Rapida guida ai titoli consigliatissimi di quest’anno: uno vi farà aprire gli occhi con un orizzonte più lungo, un altro vi chiederà di tornare a guardare il mondo come non fate da tempo; c’è, naturalmente, un noir col botto (e un po’ di ragionamenti sulla memoria, che non guasta!) e poi un ripescaggio storico di tutto rispetto (vent’anni di onorata carriera tra gli scaffali, ed ora una nuovissima edizione). Infine, una storia di libertà e di rinascita, di pacificazione e di confronto.
Insomma, l’irrinunciabile consigliatoio letterario natalizio: per leggere bene, per pensare agli altri, per stare con sé.
Milena Agus, Un tempo gentile (Nottetempo)
“Fu quindi un Natale da avanzi dell’umanità, ma decisamente diverso da tutti gli altri, visto che finalmente tirammo fuori dalle credenze i preziosi apparecchiamenti per allestire la tavola del Rudere, che fu curata e sontuosa, perché ognuna di noi portò il meglio: le posate buone, i bicchieri di cristallo regalati al matrimonio, la tovaglia e i tovaglioli del corredo ricamati a mano, i piatti a disegni blu del nostro Ottocento sardo, che tanto a lungo erano stati considerati inutili. (…) Non fu un vero Natale, fu un ripiego, un adattarsi bene o male alle circostanze, una misera consolazione, ma adesso, che è passato del tempo e le immagini cominciano a dissolversi, quell’accozzaglia aveva qualcosa di inspiegabilmente felice, quel giorno aveva qualcosa di inspiegabilmente gentile”

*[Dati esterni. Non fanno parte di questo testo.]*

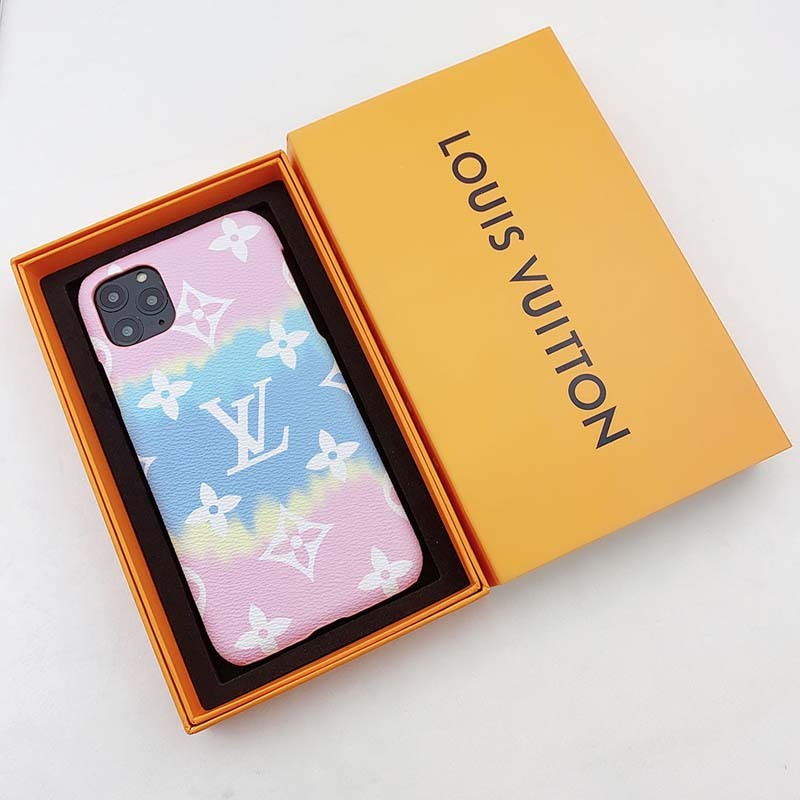 Fashion Luxury Phone Cases For iPhone 14 Pro max Plus 13 13Pro 13Promax 12 12Pro 12Promax 11 XSMAX Designer Samsung Case S20 S20P S20U NOTE 20 Ultra grgwfweh
Fashion Luxury Phone Cases For iPhone 14 Pro max Plus 13 13Pro 13Promax 12 12Pro 12Promax 11 XSMAX Designer Samsung Case S20 S20P S20U NOTE 20 Ultra grgwfweh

È un paesino della Sardegna. No: niente coste smeralde, niente aperitivi fronte-mare. Siamo all’interno, invece, nel Campidanese, dove con la terra si combatte da sempre per cavarci qualcosa da mangiare. A vincere, a suo tempo, è stata una svista: scambiare la monocoltura di carciofi e biomasse per la chance che avrebbe fatto svoltare tutti. Invece.
Invece il paese c’è ancora, per carità. E i giorni, bene o male, si campano pure. Però che qualcosa non abbia funzionato è evidente: si respira proprio, nell’aria. Nessuno ci arriva mai, al paese. Non ce n’è motivo. È così che, nella lontananza, la vita ristagna ai bordi di una depressione che nessuno ha il coraggio di dire – e, se va bene, viene travestita da rassegnata tradizione.

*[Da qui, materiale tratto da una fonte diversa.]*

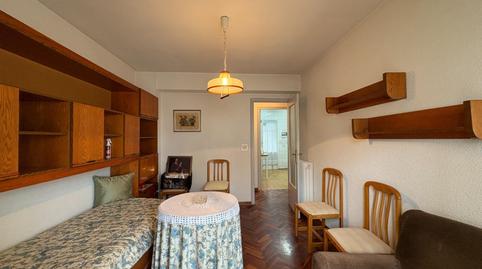 Foto 2 de Pis en venda a Calle las Palomas, 1, Santa Catalina - Ferial, Burgos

Quando qualche logica burocratica assegna a questo pezzo di terra sbreccata il destino temporaneo di centro di accoglienza per un gruppo di migranti (e per i volontari che li accompagnano), la comunità del paese viene all’improvviso costretta a esporsi all’incontro con l’altro.
Milena Agus racconta dall’interno la vicenda di questo incontro nel quale nessuno ha scelto nulla: né (come subito vengono chiamati) “gli invasori” – che sui corpi e nell’animo si portano addosso l’abnormità della migrazione; e neanche gli abitanti: costretti dagli eventi a fare conoscenza diretta con la macrostoria, poiché l’attualità rigurgita all’improvviso dentro le strade del paese.

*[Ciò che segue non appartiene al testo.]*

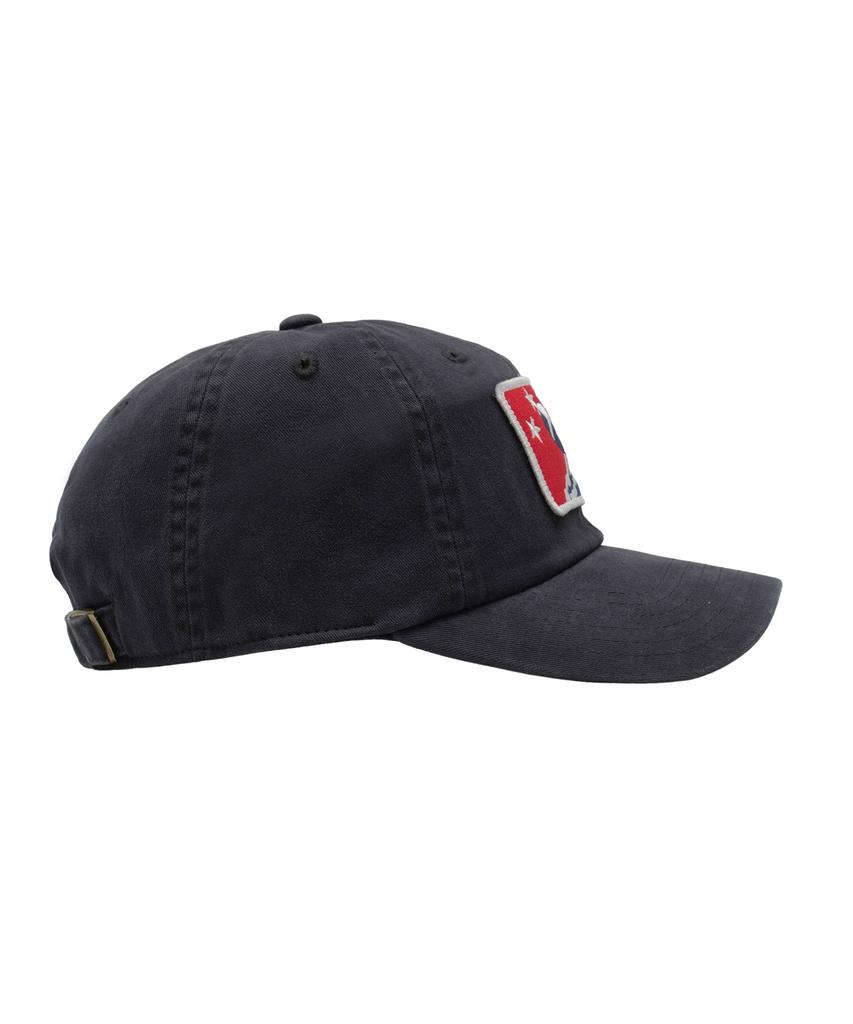 Кепка-архив Amelikannideul Milb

“Non è questo il posto” dicono, dalle sponde opposte, ospitanti e ospitati: gli uni incapaci di contenere la novità enorme, gli altri percependo che quel luogo è un nessun luogo, e non assomiglia a promesse desideri e aspettative riposte.
Oltre la linea di demarcazione che salda nella scontentezza “mariti” e “neri musoni”, si matura nei giorni una rivoluzione intima per chi accetta la curiosità e l’incontro con l’altro – mentre la connotazione dei nuovi arrivati slitta dalla diversità a differenza.
Sono le donne del paese a camminare con altro passo, a innescare un avvicinamento che cambierà per sempre la percezione delle relazioni, e permetterà alla comunità (tutta intera) di vedersi insieme all’interno di un codice comune fatto di desideri di cose semplici (una gita al mare, un sorriso) e altre divenute in questo tempo inspiegabilmente complicate (il rispetto, l’accoglienza, l’ascolto).
Impararsi reciprocamente innesca un contagio che cambia gli animi, le abitudini, ridesta il desiderio, fa riaccendere il forno del pane rimasto freddo da quando la comunità si è assopita e chiusa. Il contagio regala un Natale fatto di più religioni e di nessuna: costringe a guardarsi, ad ascoltare il paesaggio violato, a ripararlo – a ripararsi.
Un libro notevole, che rifiuta semplificazioni e autogiustificazioni: profondamente umano.
Graziano Gala, Popoff (Minimum Fax)
“È scorretta questa vita che prevede che quel buio a qualcuno sia terrore, ad un altro cacciagrossa”
Come si comporta una società che ha perso (colpevolmente) l’innocenza quando a interpellarla, casa per casa, è un innocente? Se a tirarla fuori dalla cecità non è solo un bambino, ma un bambino che si è perduto, che cerca prima il padre e poi la madre, che interroga (più ostinato del cocciopesto) ogni anima costringendola a guardarsi dentro, e reciprocamente, e nella statura del proprio presente?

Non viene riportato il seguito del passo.